Ich kann mich kaum beherrschen und will aufspringen und ihr das aus der Hand schlagen. Hat sie gar kein Mitgefühl?
Aber ich knicke regelrecht ein, als würde beim Übergang zum Falsett die Stimme versagen.
Durchatmend sage ich mir: Ruhig! Ganz ruhig bleiben! Achtsamkeit!
Ich setze mich auf den Hosenboden, reibe mir das Knie und greife wie instinktiv nach meinem Handy. Es ist einmal in der Mitte durchgebrochen, als hätte es jemand über der Tischkante abgenickt. Ich starre darauf wie auf ein unlesbares Notenblatt, und ich denke daran, wo ich mich überhaupt befinde: An einer Stelle, die ganz woanders liegt als auf dem Weg zu meinem Büro oder zu dem Musikhaus.
Ich schaue hoch zu der Frau. Sie spricht an ihrem Handy, als würde sie sich nur ruhig mit ihrer besten Freundin austauschen. Sie geht zu ihrem Auto und schaut sich die offene Fahrertür an, wohl auf Anweisung desjenigen, mit dem sie spricht.

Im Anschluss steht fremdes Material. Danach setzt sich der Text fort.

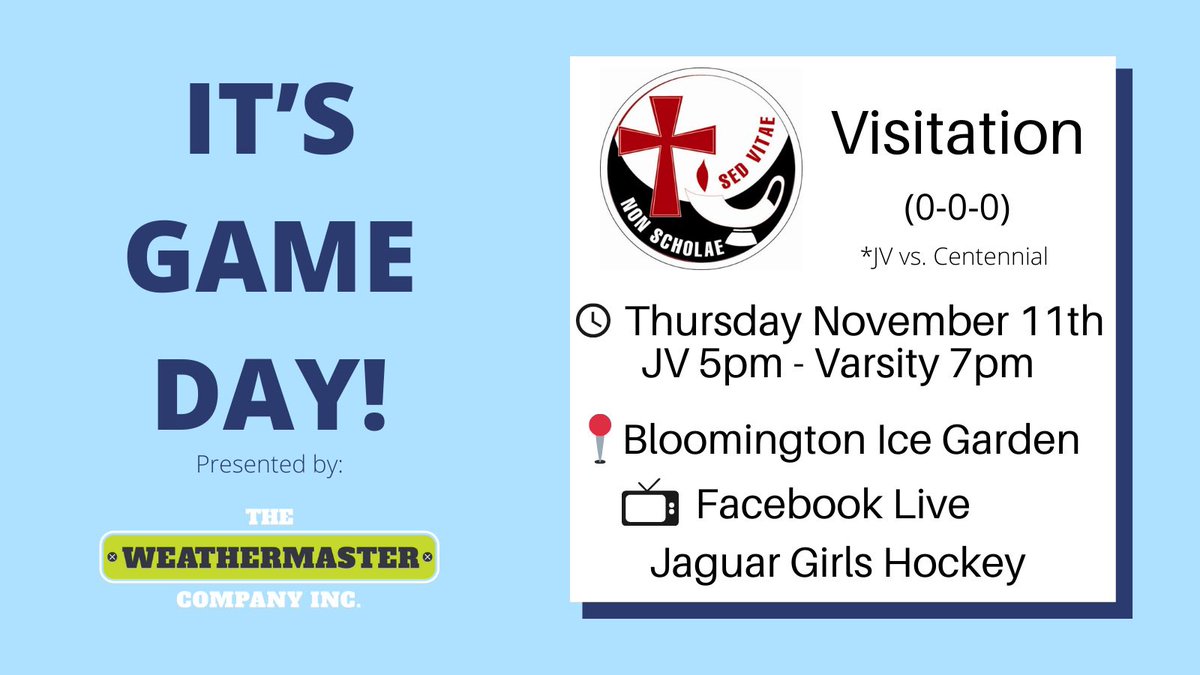 Jaggirlshockey's tweet image. 🐆It’s GAME DAY by Weathermaster🐆
The Jags open up the season tonight!  
     JV vs Centennial &amp;amp; V vs Visitation 

📍 BIG
🆚 JV @centgirlshockey
🆚 V  Visitation 
🕰 JV 5:00pm / Varsity 7:00p
🖥 Facebook Live Jaguar Girls Hockey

Einmal schaut sie auch zu mir herunter. Dabei zieht sie nur die Augenbrauen hoch, fast so wie ein Musiklehrer, der schon bei den ersten Tönen merkt, dass der, der vorsingt, nichts von Musik versteht. Sie wirft mit einer kaum merklichen Bewegung des Ellenbogens die Autotür zu.
Plötzlich kommt mir der Gedanke, dass diese Frau eigentlich sehr verführerisch aussieht. Sie trägt eine offene Bluse und eindeutig keinen BH.
Ich komme mir auf einmal schmutzig vor.